I don't care what the actual experiment is, but it should include a
reinforcer that is provided according to a schedule when a person
presses a key at some rate. After the final rates are observed, I
propose adding to the reinforcer a slowly time-varying amount that is
some fraction of the asymptotic rate, as a disturbance.
To make a control-theoretic prediction, we have to fit a model to the
data. We can make a _general_ prediction without needing the
disturbance; this prediction will be a model of the usual form, with one
parameter and a value of the reference level to be determined from the
data. We would claim that when the disturbance is applied, we can find
fixed values of the parameters that will generate predictions of actual
pressing rate over time for any waveform of the disturbance. We can't
predict the detailed behavior in advance, because we need a varying
disturbance to make a one-time evaluation of the parameter and the
reference signal. However, we can state in advance the computational
procedure to be used in evaluating the parameters, so we can in some
sense claim to be making a prediction. Of course with a new waveform of
disturbances, we could then do a true prediction.
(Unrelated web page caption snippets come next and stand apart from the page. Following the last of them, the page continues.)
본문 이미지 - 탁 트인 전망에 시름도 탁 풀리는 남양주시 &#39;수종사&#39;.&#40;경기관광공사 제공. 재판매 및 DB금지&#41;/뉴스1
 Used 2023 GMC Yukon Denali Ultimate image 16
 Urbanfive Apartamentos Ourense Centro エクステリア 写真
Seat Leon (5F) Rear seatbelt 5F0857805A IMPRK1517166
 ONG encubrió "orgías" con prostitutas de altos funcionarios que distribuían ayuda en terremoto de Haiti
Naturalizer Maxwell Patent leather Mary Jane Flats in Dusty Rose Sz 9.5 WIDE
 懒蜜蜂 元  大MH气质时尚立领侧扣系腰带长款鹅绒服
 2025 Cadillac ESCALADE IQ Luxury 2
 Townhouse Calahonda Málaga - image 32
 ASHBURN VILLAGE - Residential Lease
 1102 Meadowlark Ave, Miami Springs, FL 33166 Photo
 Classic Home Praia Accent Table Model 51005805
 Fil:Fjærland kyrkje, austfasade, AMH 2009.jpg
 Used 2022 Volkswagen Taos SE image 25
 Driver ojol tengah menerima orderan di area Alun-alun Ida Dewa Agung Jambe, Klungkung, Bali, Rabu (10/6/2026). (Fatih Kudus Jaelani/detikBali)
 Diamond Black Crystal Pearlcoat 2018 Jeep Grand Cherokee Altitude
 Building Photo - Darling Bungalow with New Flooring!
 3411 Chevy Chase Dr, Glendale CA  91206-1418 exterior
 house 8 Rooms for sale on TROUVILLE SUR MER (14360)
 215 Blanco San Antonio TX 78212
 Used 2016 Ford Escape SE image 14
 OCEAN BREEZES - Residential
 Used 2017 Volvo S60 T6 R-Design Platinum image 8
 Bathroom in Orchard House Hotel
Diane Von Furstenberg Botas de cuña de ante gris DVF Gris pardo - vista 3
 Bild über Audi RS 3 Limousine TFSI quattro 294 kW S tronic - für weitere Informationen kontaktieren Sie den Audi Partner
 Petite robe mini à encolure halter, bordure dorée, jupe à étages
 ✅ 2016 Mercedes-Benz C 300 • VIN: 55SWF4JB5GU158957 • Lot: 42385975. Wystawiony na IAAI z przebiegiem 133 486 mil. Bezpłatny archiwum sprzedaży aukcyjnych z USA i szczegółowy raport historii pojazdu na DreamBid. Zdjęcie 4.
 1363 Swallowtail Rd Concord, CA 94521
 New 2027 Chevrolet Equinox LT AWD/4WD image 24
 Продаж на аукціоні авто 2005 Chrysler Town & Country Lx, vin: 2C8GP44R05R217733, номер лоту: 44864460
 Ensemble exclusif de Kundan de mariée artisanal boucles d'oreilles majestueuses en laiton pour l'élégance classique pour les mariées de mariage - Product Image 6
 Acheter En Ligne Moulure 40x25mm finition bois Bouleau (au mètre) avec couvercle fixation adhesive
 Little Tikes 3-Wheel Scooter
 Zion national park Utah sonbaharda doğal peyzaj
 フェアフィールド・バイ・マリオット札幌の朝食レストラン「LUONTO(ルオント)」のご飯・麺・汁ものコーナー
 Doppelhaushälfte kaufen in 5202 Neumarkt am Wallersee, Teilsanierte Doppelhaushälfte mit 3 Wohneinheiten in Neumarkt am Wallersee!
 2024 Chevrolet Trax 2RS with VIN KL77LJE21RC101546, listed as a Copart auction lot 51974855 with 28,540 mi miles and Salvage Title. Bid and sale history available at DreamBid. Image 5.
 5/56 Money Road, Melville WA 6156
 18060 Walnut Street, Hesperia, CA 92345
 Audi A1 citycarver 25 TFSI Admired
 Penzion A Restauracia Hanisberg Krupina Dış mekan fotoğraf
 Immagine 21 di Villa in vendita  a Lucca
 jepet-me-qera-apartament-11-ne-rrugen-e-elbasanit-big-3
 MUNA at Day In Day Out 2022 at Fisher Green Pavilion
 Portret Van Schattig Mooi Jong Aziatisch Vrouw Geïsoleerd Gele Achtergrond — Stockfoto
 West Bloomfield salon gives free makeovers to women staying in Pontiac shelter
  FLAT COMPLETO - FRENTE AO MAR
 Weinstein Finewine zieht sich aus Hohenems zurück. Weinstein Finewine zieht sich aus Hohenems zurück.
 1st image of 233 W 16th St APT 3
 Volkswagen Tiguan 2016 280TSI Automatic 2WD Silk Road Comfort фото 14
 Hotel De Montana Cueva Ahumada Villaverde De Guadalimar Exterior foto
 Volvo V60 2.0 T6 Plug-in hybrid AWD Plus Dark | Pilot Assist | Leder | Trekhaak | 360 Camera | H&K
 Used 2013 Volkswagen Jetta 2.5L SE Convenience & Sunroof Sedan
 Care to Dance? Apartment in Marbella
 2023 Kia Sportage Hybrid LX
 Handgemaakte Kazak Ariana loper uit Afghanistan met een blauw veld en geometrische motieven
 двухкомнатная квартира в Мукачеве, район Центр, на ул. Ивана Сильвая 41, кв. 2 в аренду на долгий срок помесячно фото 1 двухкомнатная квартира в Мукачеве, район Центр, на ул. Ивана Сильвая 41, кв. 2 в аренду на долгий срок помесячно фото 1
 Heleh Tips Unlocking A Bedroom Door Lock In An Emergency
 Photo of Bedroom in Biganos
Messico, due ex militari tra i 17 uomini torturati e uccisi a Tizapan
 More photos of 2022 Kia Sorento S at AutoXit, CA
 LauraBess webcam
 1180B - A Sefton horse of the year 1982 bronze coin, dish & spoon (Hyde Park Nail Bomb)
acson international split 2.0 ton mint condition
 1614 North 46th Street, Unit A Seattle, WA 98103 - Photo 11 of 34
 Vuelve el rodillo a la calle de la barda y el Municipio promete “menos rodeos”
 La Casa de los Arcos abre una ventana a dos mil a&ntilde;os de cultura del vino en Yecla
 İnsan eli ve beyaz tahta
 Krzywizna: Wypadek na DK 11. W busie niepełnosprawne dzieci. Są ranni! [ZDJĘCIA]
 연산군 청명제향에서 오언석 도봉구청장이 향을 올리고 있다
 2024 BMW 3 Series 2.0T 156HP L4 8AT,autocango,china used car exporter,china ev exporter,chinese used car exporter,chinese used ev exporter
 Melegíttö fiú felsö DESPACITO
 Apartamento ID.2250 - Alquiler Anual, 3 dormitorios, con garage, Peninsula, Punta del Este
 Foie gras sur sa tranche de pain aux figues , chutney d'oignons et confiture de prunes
How a reinforcement model could make predictions about this situation I
do not know. But the burden of providing that model is on the EAB side,
if we go the comparative route.
Bruce Abbott has raised the distinct possibility that fully-trained
animals do not actually vary their pressing rates; either they press at
a constant rate or they don't press at all. This is what he found when
taking the collection time into account, assuming a constant collection
time over a wide range of ratios. While there might be some variation in
pressing rate near zero error, the conditions used in standard
experiments may be making any region of continuous rate variation hard
to observe: with the standard reinforcer sizes used, that region could
be between FR-1 and FR-0. Since there's no way to set up a ratio of less
than 1, the critical region can't be plotted.
It would be relatively easy to set up an experiment for a human being in
which varying the rate is necessary to maintain a specific rate of
reinforcement or value of reinforcer. But it is not likely that any
animal experiments have been done under simular conditions, so
reinforcement theory would have to come up with a prediction from basic
principles (if this is possible).
The method is to convert the rate of pressing into a continuous variable
representing that rate, provide an indicator of the resulting average
value, and make the reinforcement contingent on the average value being
at some specific level. The position of a cursor, for example, could be
determined by the smoothed rate of pressing. Scoring rate would depend
on how close to a target the cursor is kept.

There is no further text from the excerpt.